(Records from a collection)
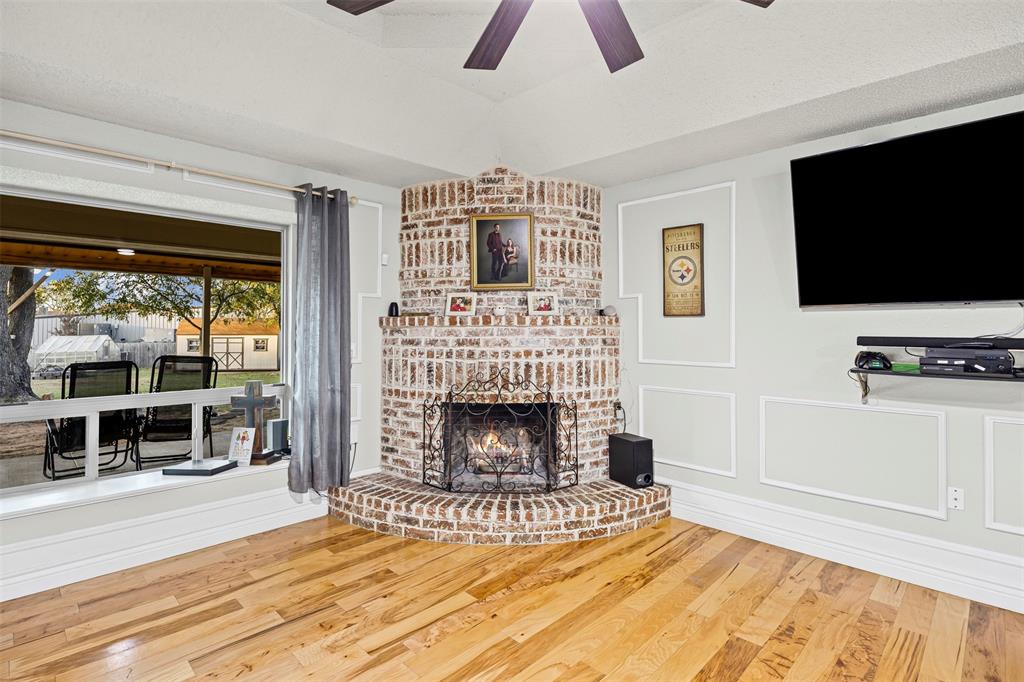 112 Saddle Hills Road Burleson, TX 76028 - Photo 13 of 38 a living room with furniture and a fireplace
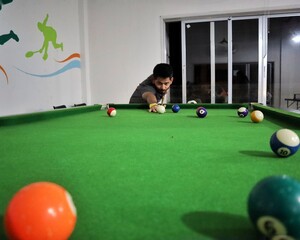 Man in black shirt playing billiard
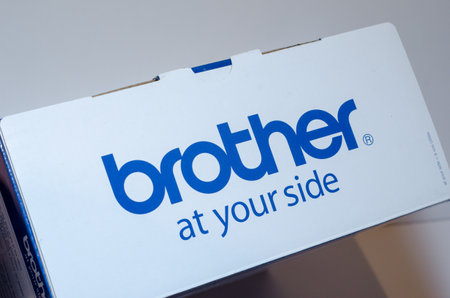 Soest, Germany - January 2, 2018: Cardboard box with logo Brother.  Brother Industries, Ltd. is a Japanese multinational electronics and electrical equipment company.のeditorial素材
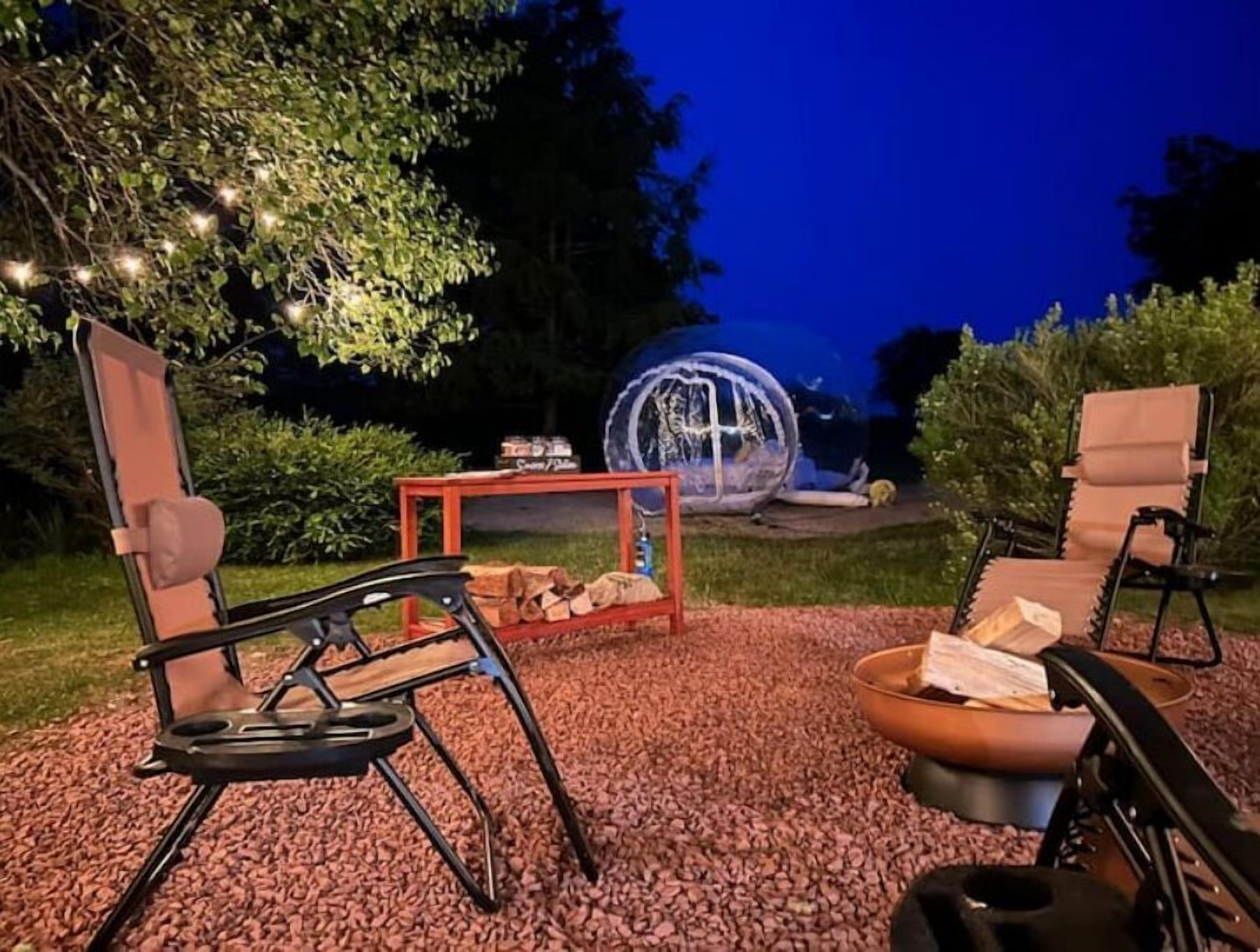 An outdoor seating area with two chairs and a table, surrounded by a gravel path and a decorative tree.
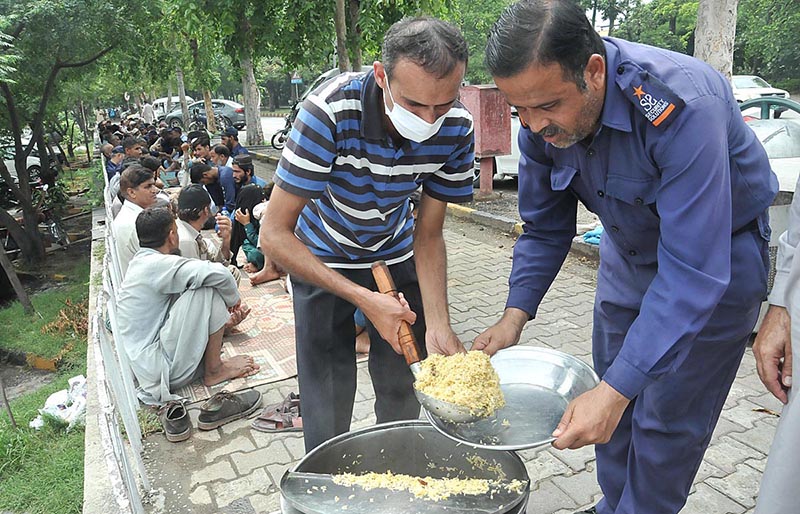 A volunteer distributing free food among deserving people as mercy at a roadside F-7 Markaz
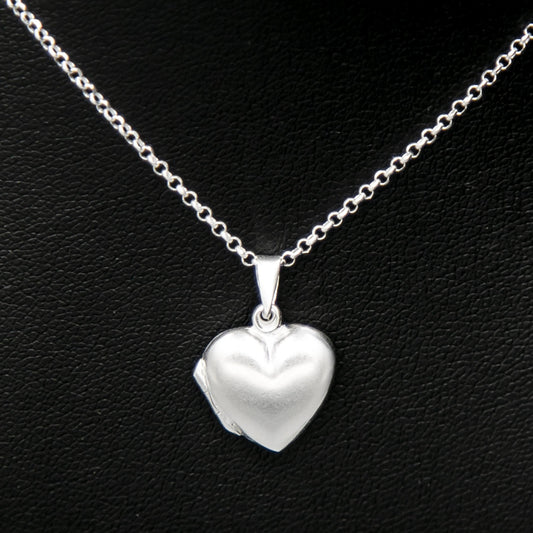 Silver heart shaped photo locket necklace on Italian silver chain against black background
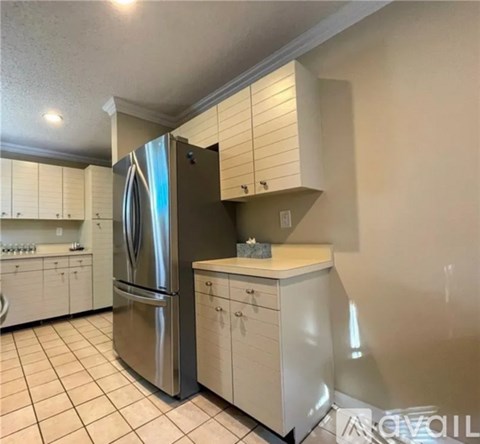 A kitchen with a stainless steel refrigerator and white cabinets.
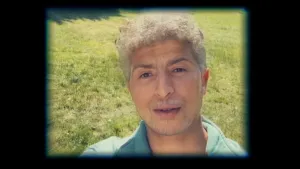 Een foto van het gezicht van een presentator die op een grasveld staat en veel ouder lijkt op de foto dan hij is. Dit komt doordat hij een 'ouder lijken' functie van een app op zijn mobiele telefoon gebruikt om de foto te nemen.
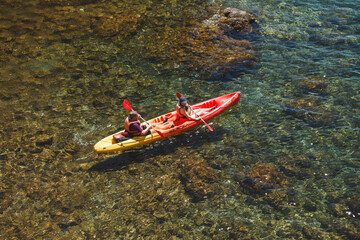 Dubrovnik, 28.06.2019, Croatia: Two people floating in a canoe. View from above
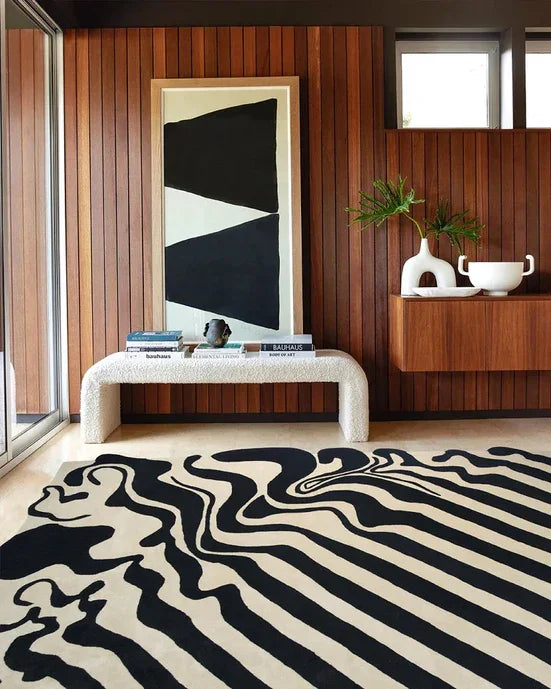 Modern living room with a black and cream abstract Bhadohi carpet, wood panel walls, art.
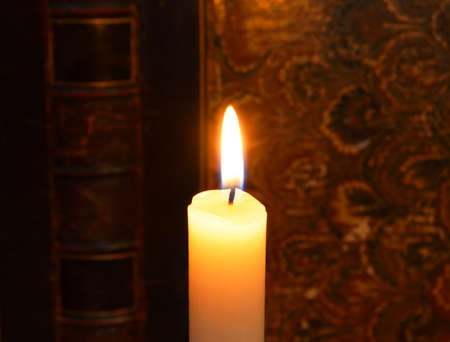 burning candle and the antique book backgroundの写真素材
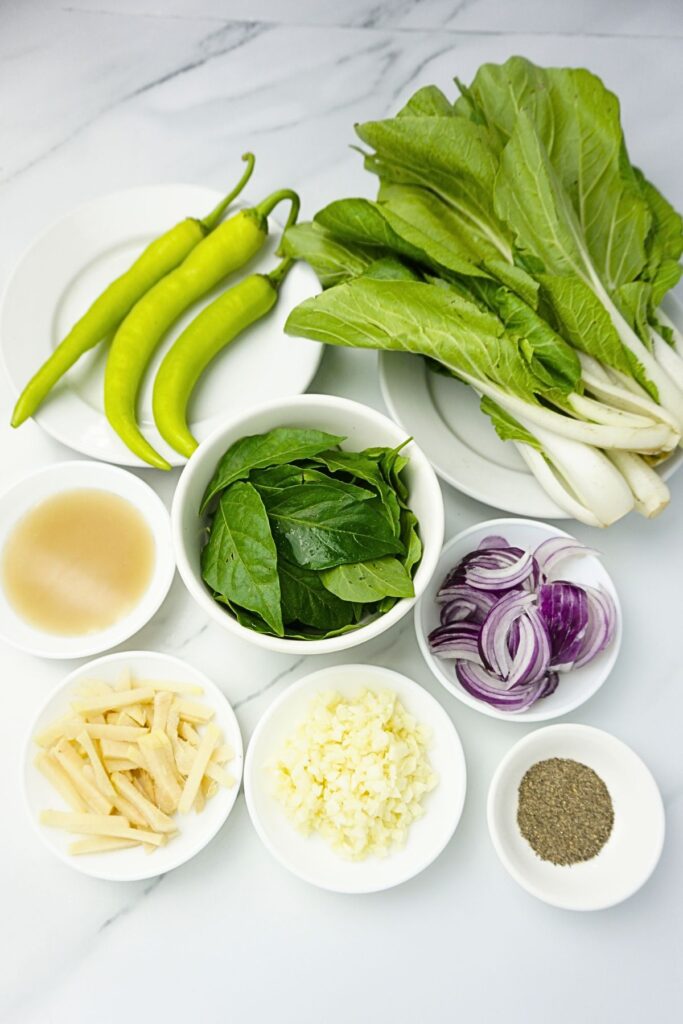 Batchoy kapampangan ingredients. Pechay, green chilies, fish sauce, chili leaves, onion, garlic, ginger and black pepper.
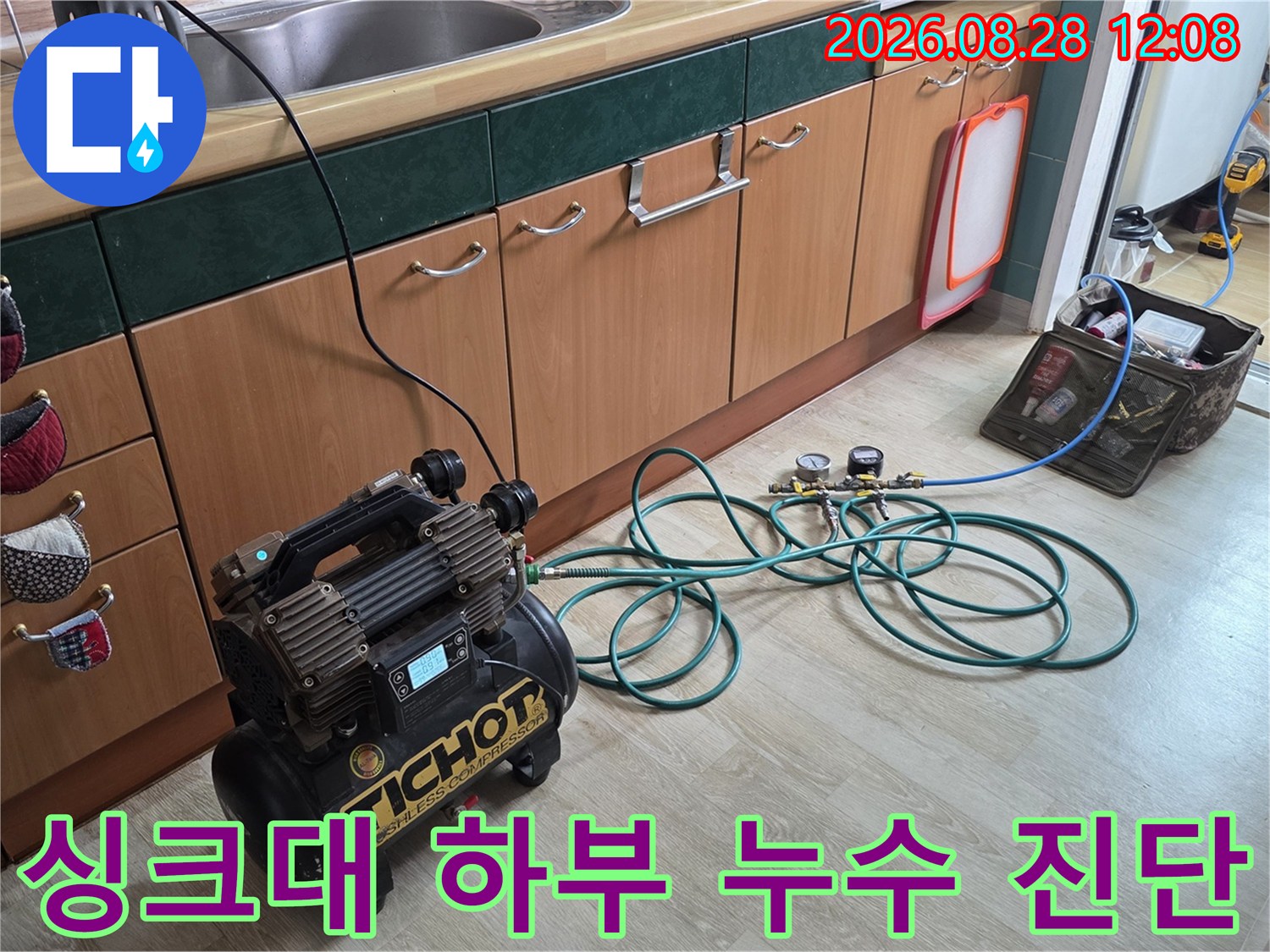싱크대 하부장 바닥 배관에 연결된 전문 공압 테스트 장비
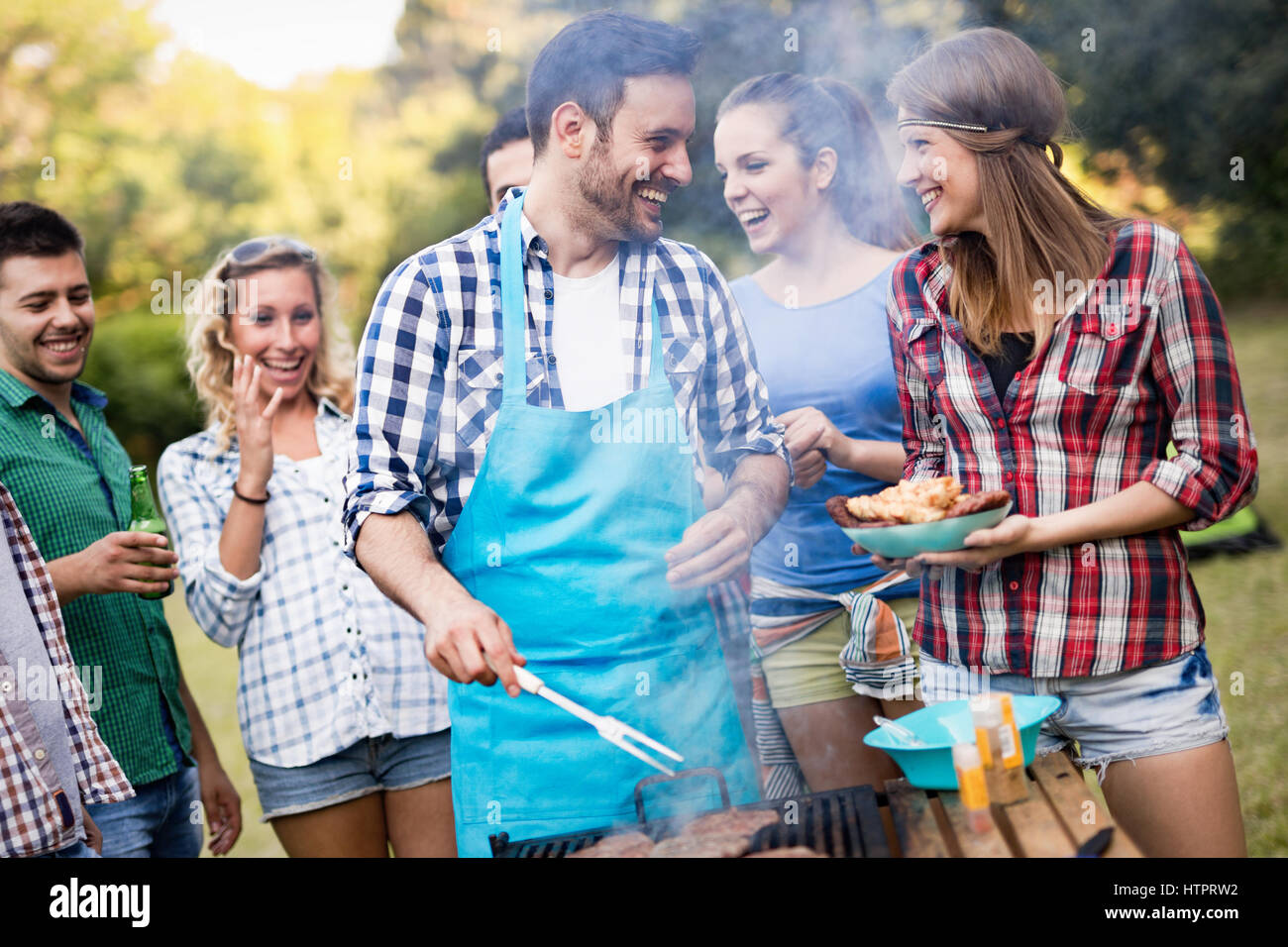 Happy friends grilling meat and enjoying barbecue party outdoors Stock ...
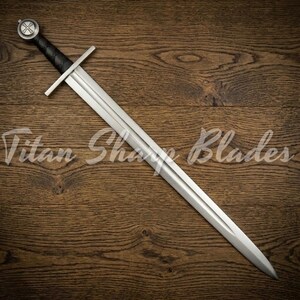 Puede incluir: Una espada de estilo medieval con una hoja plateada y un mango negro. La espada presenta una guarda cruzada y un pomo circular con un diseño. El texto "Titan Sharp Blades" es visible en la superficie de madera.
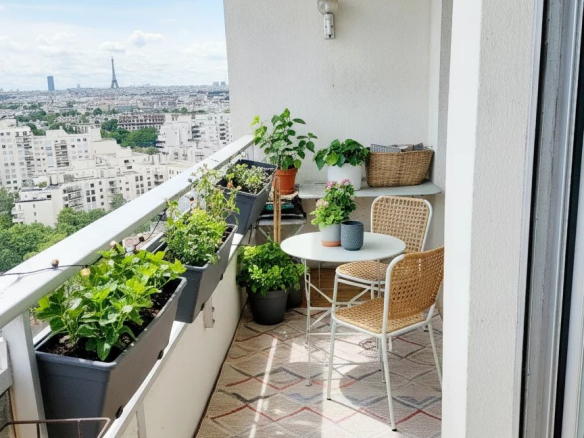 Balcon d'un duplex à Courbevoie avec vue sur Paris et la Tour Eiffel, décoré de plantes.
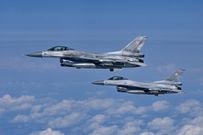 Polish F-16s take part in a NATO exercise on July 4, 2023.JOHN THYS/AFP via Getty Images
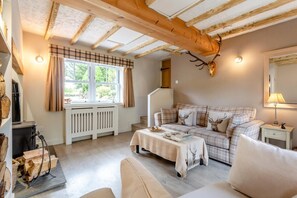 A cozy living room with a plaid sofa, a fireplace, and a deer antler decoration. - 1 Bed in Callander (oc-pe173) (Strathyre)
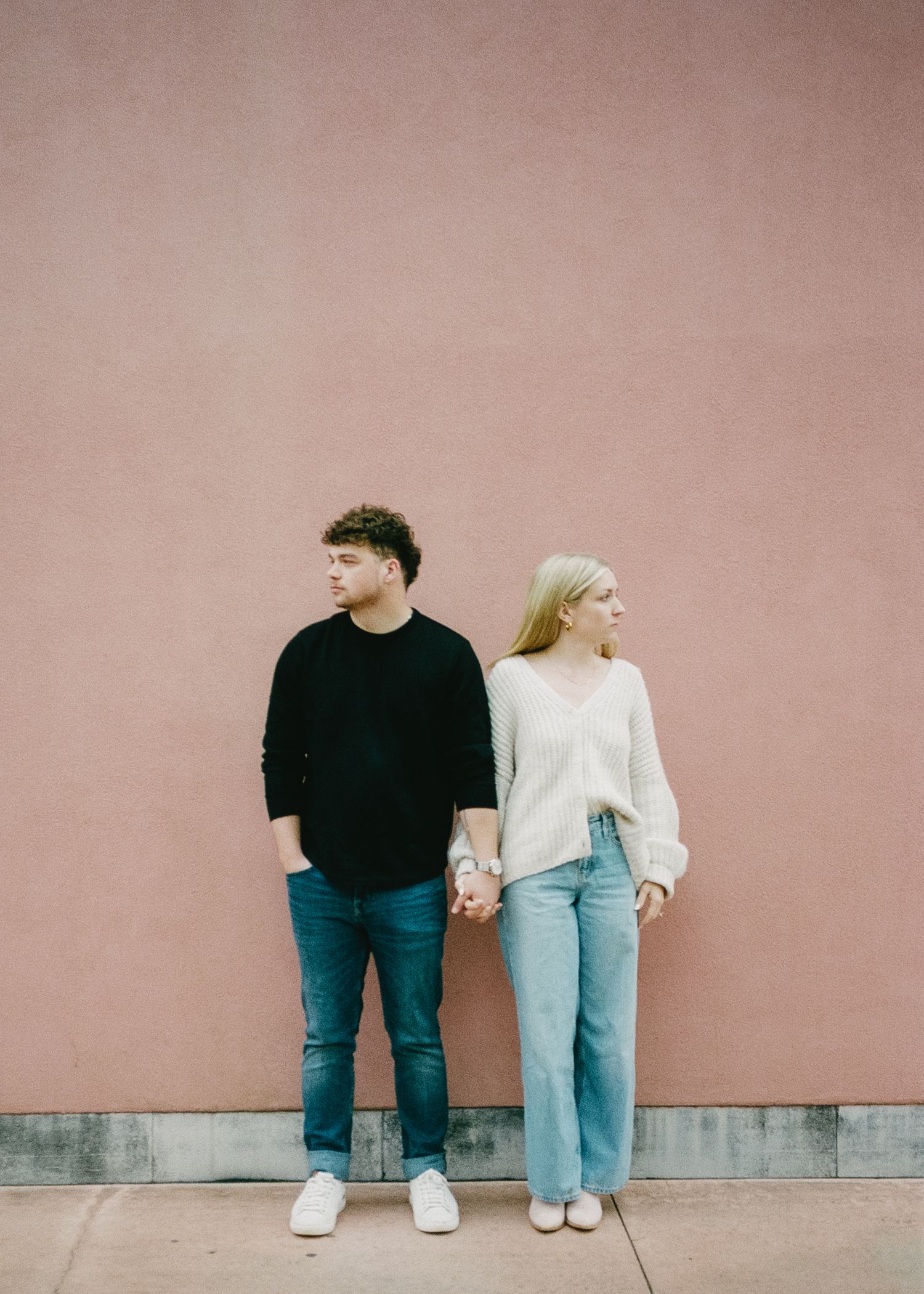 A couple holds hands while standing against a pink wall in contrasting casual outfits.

* [Task prompt]: Begin with the line that contains "Polish F-16s take" and repeat every line through the end of the data, exactly and only those lines, leaving out the pictures.

* [Answer section]:
 Polish F-16s take part in a NATO exercise on July 4, 2023.JOHN THYS/AFP via Getty Images
 A cozy living room with a plaid sofa, a fireplace, and a deer antler decoration. - 1 Bed in Callander (oc-pe173) (Strathyre)
 A couple holds hands while standing against a pink wall in contrasting casual outfits.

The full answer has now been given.